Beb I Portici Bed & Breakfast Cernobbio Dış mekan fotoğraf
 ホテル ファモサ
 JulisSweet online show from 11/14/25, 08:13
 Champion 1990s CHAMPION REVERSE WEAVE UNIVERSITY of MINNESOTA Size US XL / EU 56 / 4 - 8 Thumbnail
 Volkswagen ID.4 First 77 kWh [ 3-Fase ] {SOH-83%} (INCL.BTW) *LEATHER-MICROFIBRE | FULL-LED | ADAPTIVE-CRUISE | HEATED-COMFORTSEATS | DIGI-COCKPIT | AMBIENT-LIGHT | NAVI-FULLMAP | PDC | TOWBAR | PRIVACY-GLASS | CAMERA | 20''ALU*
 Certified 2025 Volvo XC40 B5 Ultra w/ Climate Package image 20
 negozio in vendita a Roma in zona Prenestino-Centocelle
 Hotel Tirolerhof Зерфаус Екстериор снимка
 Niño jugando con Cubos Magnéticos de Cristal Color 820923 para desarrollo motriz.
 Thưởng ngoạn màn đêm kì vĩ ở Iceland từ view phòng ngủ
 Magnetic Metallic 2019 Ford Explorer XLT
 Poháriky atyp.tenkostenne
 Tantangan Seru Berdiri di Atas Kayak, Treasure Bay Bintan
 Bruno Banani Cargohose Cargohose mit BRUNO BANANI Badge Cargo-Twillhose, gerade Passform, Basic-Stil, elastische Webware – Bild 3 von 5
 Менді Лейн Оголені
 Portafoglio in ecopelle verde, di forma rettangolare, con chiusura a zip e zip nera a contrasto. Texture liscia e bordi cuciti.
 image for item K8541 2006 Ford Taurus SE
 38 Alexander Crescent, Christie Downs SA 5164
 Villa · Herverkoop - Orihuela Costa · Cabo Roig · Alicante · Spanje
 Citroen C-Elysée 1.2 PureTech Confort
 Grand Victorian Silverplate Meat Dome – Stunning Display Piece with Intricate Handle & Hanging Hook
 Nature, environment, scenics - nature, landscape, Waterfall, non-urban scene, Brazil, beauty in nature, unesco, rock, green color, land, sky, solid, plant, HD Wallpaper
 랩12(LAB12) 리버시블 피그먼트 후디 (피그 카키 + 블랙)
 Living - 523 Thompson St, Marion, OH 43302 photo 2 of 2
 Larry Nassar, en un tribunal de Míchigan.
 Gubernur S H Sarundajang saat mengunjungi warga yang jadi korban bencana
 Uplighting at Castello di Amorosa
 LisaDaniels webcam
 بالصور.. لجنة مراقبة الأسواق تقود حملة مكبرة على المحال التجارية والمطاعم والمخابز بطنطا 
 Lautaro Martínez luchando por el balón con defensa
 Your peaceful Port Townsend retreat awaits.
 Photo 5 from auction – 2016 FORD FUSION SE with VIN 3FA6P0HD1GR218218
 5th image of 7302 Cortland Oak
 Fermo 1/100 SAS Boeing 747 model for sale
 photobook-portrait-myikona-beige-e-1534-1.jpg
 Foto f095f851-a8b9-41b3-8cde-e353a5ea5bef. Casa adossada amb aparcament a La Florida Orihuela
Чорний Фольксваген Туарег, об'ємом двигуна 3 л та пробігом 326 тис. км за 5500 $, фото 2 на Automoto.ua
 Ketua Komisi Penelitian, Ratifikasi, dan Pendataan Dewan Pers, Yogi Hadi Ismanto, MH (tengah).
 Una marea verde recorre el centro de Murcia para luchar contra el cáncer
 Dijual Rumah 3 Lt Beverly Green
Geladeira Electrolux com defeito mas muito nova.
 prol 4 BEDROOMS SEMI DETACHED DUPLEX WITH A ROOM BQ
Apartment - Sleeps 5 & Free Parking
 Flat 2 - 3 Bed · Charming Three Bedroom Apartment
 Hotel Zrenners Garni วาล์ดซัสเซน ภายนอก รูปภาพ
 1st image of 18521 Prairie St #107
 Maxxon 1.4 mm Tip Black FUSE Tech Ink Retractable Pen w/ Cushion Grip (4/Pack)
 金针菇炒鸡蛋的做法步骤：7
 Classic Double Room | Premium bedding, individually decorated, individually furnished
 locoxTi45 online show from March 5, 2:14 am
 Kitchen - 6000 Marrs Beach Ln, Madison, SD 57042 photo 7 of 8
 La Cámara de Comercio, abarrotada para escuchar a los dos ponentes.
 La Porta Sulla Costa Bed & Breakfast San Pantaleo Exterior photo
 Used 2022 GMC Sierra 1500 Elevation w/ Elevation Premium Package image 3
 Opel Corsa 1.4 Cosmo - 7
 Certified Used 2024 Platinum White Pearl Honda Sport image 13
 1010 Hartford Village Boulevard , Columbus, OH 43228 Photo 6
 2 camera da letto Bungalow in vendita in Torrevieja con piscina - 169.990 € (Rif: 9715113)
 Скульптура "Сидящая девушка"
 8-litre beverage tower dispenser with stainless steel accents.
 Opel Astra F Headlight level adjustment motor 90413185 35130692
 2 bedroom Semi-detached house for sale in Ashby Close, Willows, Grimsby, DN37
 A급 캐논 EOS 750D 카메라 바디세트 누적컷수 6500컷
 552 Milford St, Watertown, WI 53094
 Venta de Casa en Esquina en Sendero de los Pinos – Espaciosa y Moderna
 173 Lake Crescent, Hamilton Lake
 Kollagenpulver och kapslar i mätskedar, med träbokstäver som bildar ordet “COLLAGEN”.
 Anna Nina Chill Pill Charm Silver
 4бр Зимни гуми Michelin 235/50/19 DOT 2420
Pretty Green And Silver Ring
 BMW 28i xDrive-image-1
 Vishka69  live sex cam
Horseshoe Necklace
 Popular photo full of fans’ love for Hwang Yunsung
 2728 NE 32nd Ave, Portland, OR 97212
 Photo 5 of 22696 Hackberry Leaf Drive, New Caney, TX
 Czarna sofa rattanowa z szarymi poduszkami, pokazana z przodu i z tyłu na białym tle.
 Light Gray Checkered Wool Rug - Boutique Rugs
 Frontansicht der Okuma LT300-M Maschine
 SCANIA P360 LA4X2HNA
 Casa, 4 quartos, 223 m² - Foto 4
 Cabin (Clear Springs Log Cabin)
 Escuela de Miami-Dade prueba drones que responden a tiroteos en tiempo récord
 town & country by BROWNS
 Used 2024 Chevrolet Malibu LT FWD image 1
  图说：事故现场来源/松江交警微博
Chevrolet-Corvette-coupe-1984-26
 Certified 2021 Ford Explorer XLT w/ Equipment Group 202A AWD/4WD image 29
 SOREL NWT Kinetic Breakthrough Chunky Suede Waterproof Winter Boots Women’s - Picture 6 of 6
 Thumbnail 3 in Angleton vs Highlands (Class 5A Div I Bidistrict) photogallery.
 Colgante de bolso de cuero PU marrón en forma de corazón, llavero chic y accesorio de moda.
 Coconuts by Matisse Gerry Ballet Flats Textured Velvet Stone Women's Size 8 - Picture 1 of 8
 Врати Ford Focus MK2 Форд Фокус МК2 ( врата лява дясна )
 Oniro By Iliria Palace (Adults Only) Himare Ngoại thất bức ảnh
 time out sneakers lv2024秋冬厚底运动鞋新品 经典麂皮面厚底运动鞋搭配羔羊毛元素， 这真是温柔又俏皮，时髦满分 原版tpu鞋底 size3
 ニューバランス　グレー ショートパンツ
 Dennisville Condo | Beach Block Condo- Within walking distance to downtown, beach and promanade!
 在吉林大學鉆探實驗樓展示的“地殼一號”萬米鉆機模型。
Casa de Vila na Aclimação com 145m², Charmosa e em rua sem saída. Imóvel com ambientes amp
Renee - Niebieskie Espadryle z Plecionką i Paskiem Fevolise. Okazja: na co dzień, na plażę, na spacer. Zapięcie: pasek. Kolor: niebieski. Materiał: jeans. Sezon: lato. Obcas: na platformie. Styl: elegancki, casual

— Exercise instructions —
Only the number is wanted: how many lines in the data include the string "show"?

— Response for this exercise —
2